> [TASK STATEMENT]:
Your answer should be the lines from the start of the records through the line with "Vendita calda dimensione", copied word for word.
(EXTRACTED RECORDS begins)
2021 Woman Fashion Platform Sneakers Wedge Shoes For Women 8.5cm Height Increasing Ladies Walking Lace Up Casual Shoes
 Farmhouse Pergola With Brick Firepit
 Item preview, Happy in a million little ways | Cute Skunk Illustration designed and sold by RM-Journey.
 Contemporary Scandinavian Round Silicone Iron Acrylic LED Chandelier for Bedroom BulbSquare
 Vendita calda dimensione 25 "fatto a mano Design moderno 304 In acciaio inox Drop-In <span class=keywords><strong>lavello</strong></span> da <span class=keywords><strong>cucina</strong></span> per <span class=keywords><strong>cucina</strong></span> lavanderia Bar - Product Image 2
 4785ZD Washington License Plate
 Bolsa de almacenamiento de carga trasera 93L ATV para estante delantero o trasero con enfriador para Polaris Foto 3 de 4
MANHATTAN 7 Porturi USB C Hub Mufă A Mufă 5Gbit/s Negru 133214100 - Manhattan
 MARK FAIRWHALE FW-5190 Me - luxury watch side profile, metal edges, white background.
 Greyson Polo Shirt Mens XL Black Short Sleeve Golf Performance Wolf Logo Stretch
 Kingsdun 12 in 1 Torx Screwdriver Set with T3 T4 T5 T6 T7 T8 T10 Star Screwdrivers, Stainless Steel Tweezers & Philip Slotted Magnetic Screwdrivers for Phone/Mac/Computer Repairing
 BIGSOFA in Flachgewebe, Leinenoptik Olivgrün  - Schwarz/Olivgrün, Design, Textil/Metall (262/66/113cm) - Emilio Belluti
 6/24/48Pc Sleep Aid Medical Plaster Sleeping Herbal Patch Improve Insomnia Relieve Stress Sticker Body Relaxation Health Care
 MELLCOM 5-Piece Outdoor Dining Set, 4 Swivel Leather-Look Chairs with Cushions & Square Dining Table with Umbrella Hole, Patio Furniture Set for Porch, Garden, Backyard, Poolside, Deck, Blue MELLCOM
(EXTRACTED RECORDS ends)
> [RESULT OF THE TASK]:
2021 Woman Fashion Platform Sneakers Wedge Shoes For Women 8.5cm Height Increasing Ladies Walking Lace Up Casual Shoes
 Farmhouse Pergola With Brick Firepit
 Item preview, Happy in a million little ways | Cute Skunk Illustration designed and sold by RM-Journey.
 Contemporary Scandinavian Round Silicone Iron Acrylic LED Chandelier for Bedroom BulbSquare
 Vendita calda dimensione 25 "fatto a mano Design moderno 304 In acciaio inox Drop-In <span class=keywords><strong>lavello</strong></span> da <span class=keywords><strong>cucina</strong></span> per <span class=keywords><strong>cucina</strong></span> lavanderia Bar - Product Image 2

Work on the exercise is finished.